§ **Exercise aim**: Would you return, word for word, the lines running from the one with "ЛОС-АНДЖЕЛЕС, США - 16" to the final line of the listing below, pictures omitted?

[Start of Attachment]

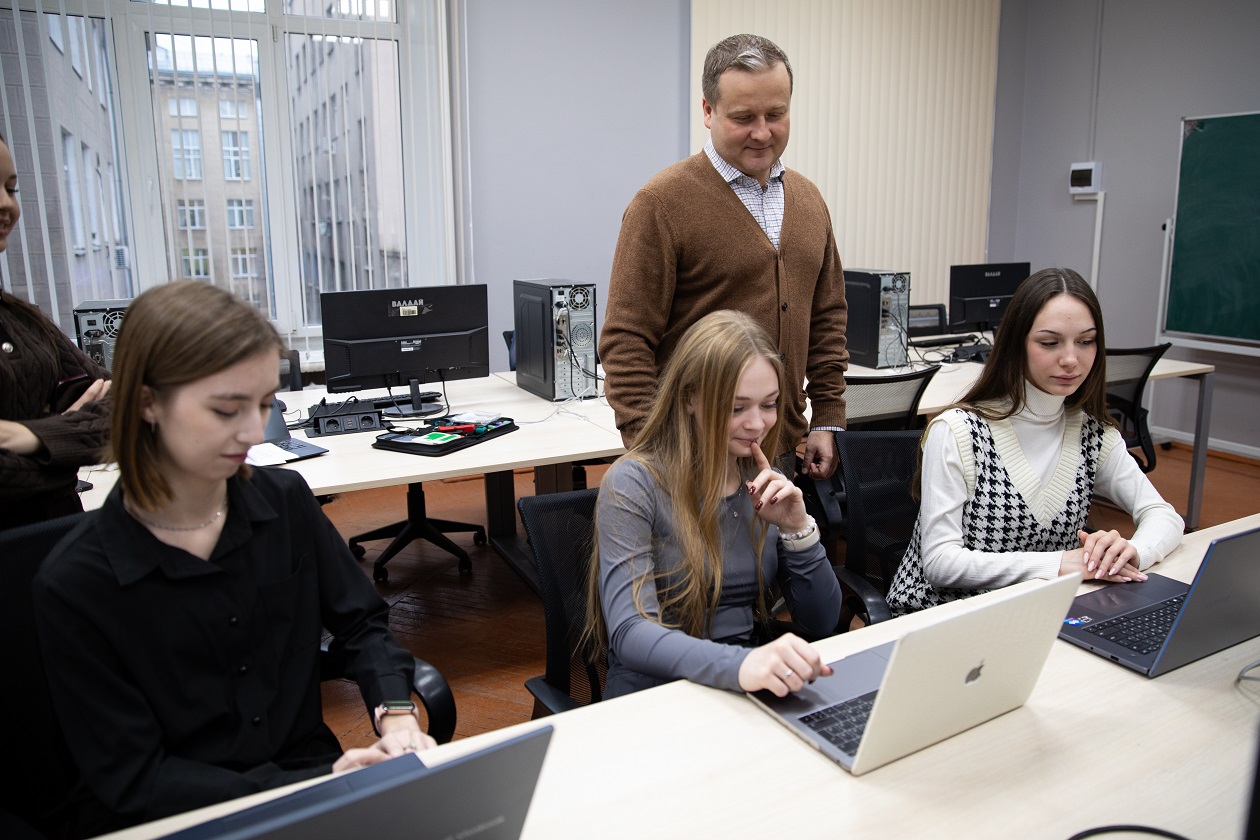Студенты с первых курсов участвуют в научно-исследовательских и командных проектах, кейс-чемпионатах и хакатонах, а также проходят стажировки в IT-компаниях и ведущих предприятиях региона, получая реальный опыт разработки современных программных систем.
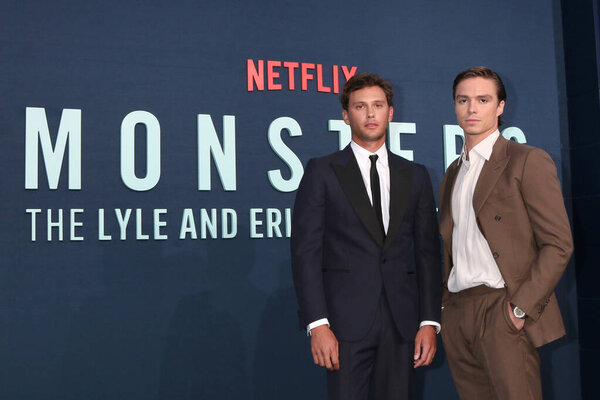 ЛОС-АНДЖЕЛЕС, США - 16 СЕНТЯБРЯ 2024 г.: Купер Кох, Николас Александр Чавес на "Монстрах" - "История Лайла и Эрика Менендеса" Премьера в Египетском театре 16 сентября 2024 г. в Лос-Анджелесе, Калифорния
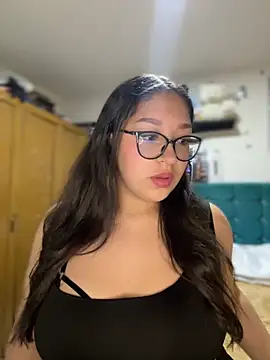 Whiitney Bloom online show from September 14, 5:05 am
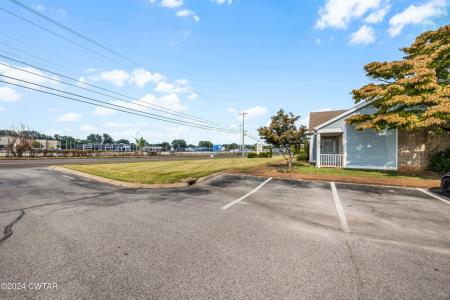 382 CARRIAGE HOUSE DRIVE STE E, JACKSON, Теннесси 38305, Соединенные Штаты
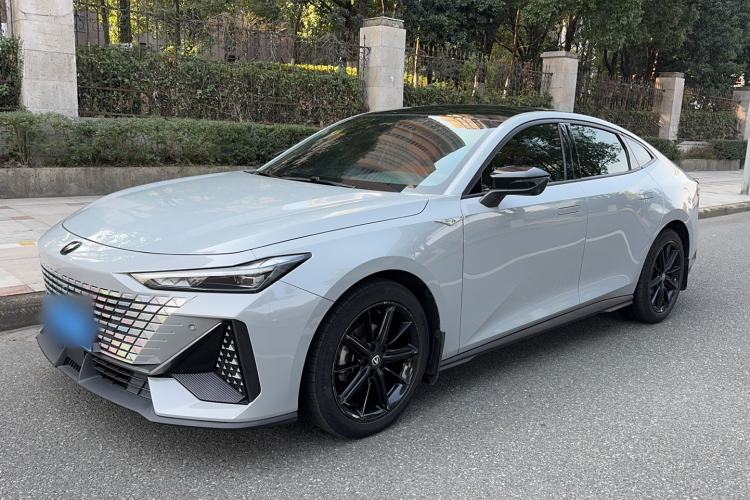 Used Changan UNI-V 2022 1.5T Prestige Version
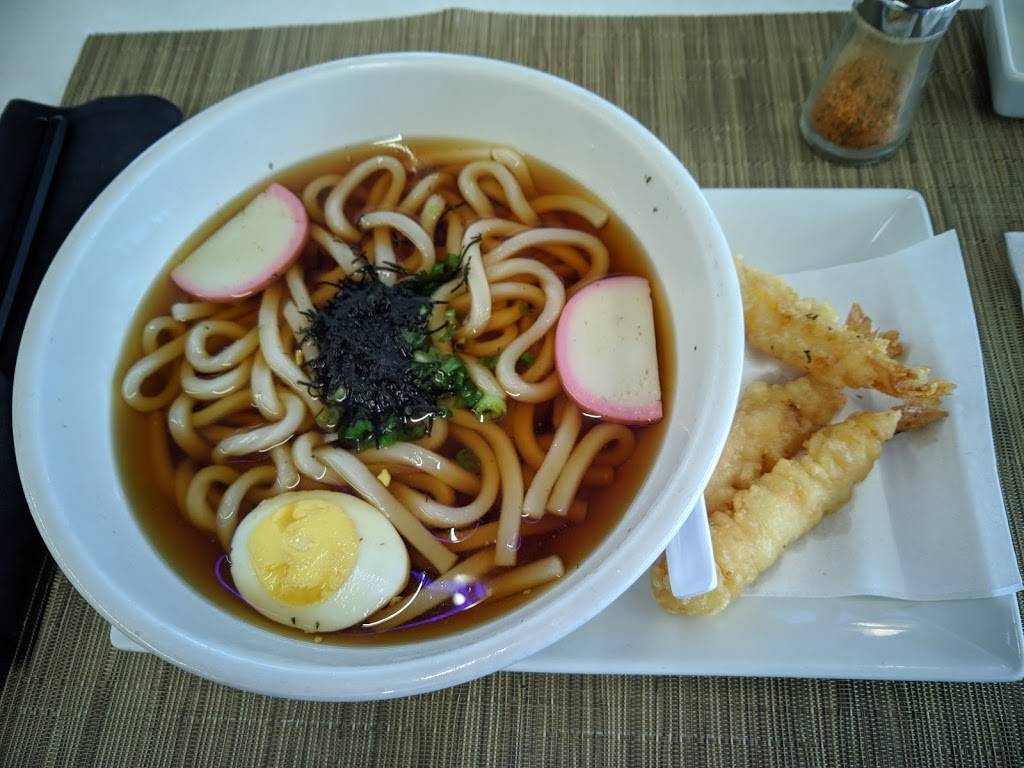 Wicker Park Seafood & Sushi Bar | restaurant | terminal 2 main 10000 West OHare, Avenue, Chicago, IL 60666, USA | 8776727467 OR +1 877-672-7467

[End of Attachment]

§ **Result**:
 ЛОС-АНДЖЕЛЕС, США - 16 СЕНТЯБРЯ 2024 г.: Купер Кох, Николас Александр Чавес на "Монстрах" - "История Лайла и Эрика Менендеса" Премьера в Египетском театре 16 сентября 2024 г. в Лос-Анджелесе, Калифорния
 Whiitney Bloom online show from September 14, 5:05 am
 382 CARRIAGE HOUSE DRIVE STE E, JACKSON, Теннесси 38305, Соединенные Штаты
 Used Changan UNI-V 2022 1.5T Prestige Version
 Wicker Park Seafood & Sushi Bar | restaurant | terminal 2 main 10000 West OHare, Avenue, Chicago, IL 60666, USA | 8776727467 OR +1 877-672-7467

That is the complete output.